Nuri Ihsani – 2104204010001


Mahasiswa Prodi S2 Arsitektur
Jurusan Arsitektur dan Perencanaan
Fakultas Teknik – Universitas Syiah Kuala

Abstrak
Rumoh Aceh, warisan budaya nenek moyang masyarakat Aceh yang telah melewati uji
ketahanan berbagai bencana dari masa ke masa. Pada dasarnya, Rumoh Aceh banyak ditemui
baik didaerah pesisir maupun daerah pegunungan. Dalam sejarah panjangnya, para pendahulu
masyarakat Aceh telah membaca kondisi eksisting alam dengan sangat baik, kemudian muncul
konsep sebuah hunian yang kaya akan nilai-nilai kearifan lokal sekaligus mampu mengatasi
beragam tantangan alam bumi Aceh itu sendiri.

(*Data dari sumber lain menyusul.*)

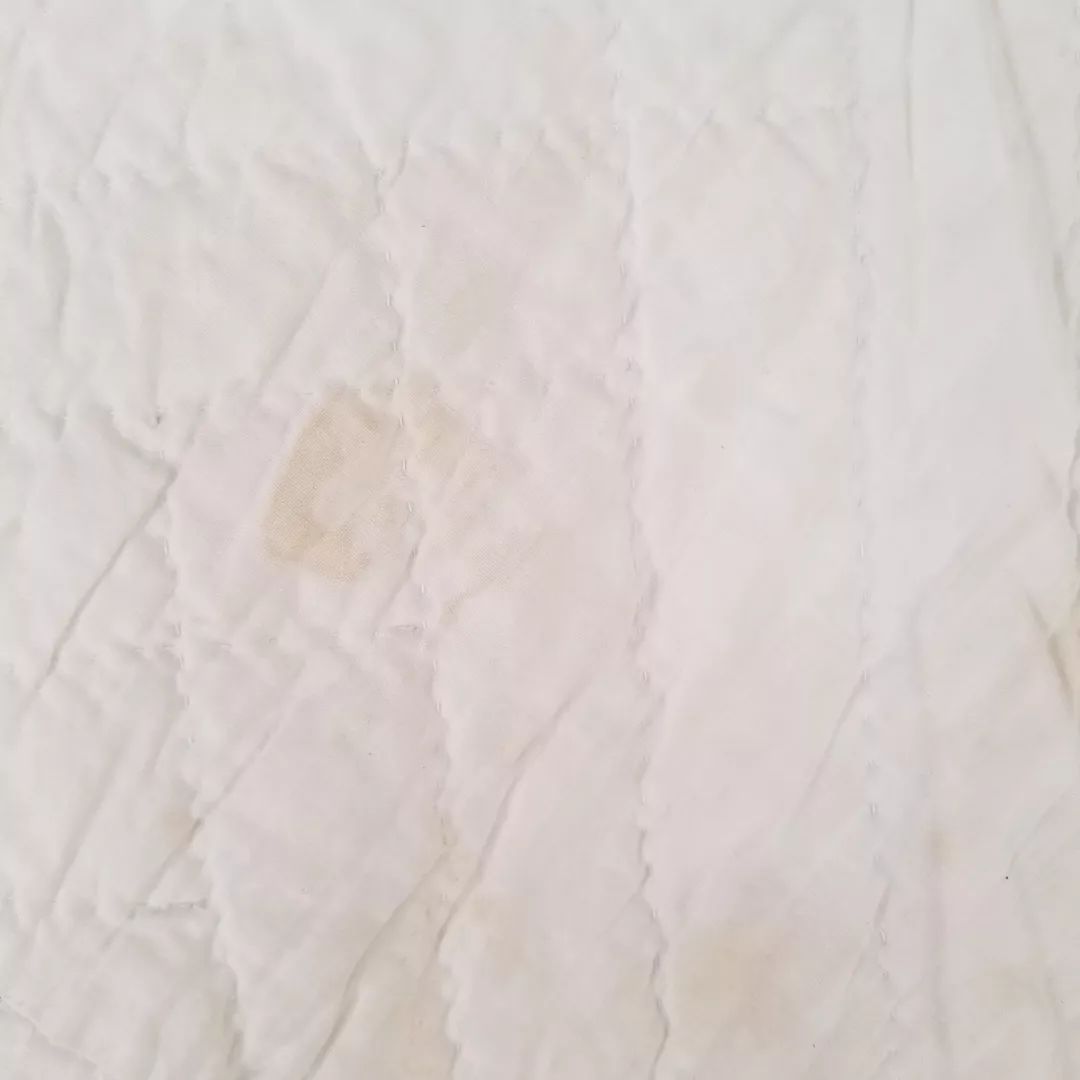 Red and White, Faded Sawtooth Quilt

Rumoh Aceh memiliki struktur yang tidak kaku
sehingga mampu tetap kokoh menghadapi gempa bumi, memiliki sistem ruang kosong bawah
rumah yang membuatnya bertahan melawan banjir dan mengurangi dampak dari bencana
tsunami.

Kata kunci: Rumoh Aceh, kearifan lokal, bencana, tsunami, banjir, gempa bumi

I. PENDAHULUAN

Indonesia adalah negara yang dikelilingi Cincin Api Pasifik, terletak di zona gempa paling
aktif di dunia. Selain itu, Indonesia juga terletak di atas tiga tumbukan lempeng benua, yaitu
Indo-Australia, Eurasia, dan Pasifik. Lempeng aktif tersebut terus bergerak dan dapat
mengakibatkan gempa ketika terjadi tumbukan. Kondisi geografis ini kemudian membuat
Indonesia menjadi negara yang wilayahnya rawan terhadap bencana seperti gempa bumi,
gunung meletus dan tsunami. Hal tersebut tentunya juga berlaku di daerah Aceh.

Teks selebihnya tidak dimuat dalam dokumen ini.